My husband is not a millionare, but he wasn''t a poor college graduate with loans either.
He grew up seeing his mom and relatives with bigger stones, so I think he roughly visioned something around 2 carats.
Without thinking too much I just thought it was the right size, and yes, very frankly I think I would have questioned and perhaps been disappointed if he decided to all of a sudden be frugal with an e-ring purchase and spent $2000(No significance! Only because it was the price on the other thread) when he had purchsed a $80000 sports car, up front in cash, the year before.


I honestly think the expectation depends on the income, financial status, as well as the type of spender the guy is.


Long story short, we didn''t end up getting an e-ring for many reasons/circumstances.
He invested the money separately set aside for the e-ring until we would actually purchse it, which actually is doing really well and went up 30%. I play around with all different shapes and sizes of sims, and the more I do, the less I feel like I need to purchase an "e-ring." I''m actually leaning towards purchasing a bigger ring for formal dinners/parties and just wearing my pave wedding band normally, which seems plenty sparkly for everyday wear..
 
I think its a question of generosity in some sense---if a guy earns a hundred thousand a year and he spends a few hundred on your ering and then thousands on a sports car (as was mentionned), it could indicate future money problems in the marriage.

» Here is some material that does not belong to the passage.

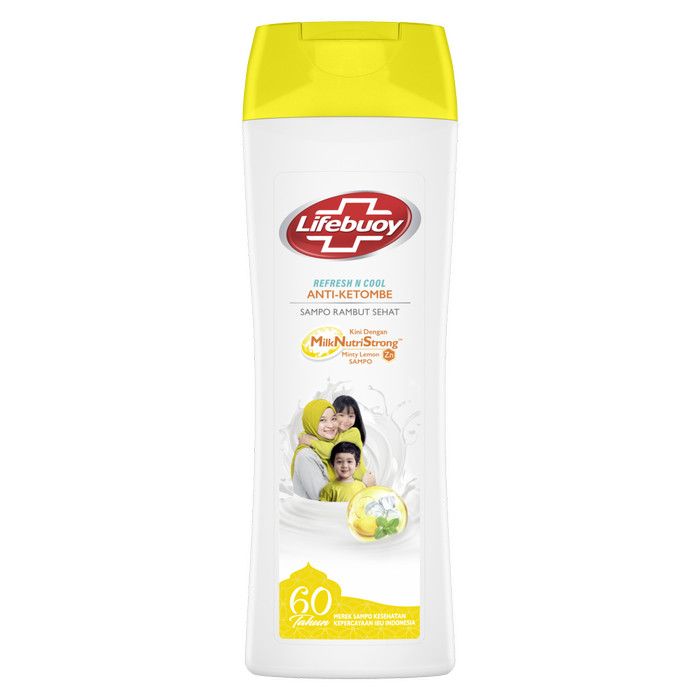 LIFEBUOY Shampoo ANTI KETOMBE Dandruff shampoo Refresh & Cool & Anti Gatal 310ML - 2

It's crass both to expect a large amount be spent on you and to for him not spend a decent amount of money. Even if you know he can afford a large amount of money, I still think insisting on a certain carat size to be a little tacky.


And no, I wouldn't be happy if my boyfriend literally proposed with a plastic ring. Sorry DF, but I would view that as insulting and mean.



ETA: I also made a big issue about wanting to propose myself. We eventually decided against it bc he wanted to do it quite a bit more. But if I HAD done it, yes, I wouldn't have been upset knowing that he expected me to spend what was in my budget to afford. Of course one shouldn't be expected to put oneself in debt of through any financial hardship.
 
We bought our first house 3 weeks before we got married, so I waited a long long time before I finally got my ring. I got a 1.11ct center stone about 4-5 months ago, which is about the 2- month salary from when we got engaged 13-14 yrs ago!
I would have gotten a significantly larger rock if we did "today''s" 2-month salary!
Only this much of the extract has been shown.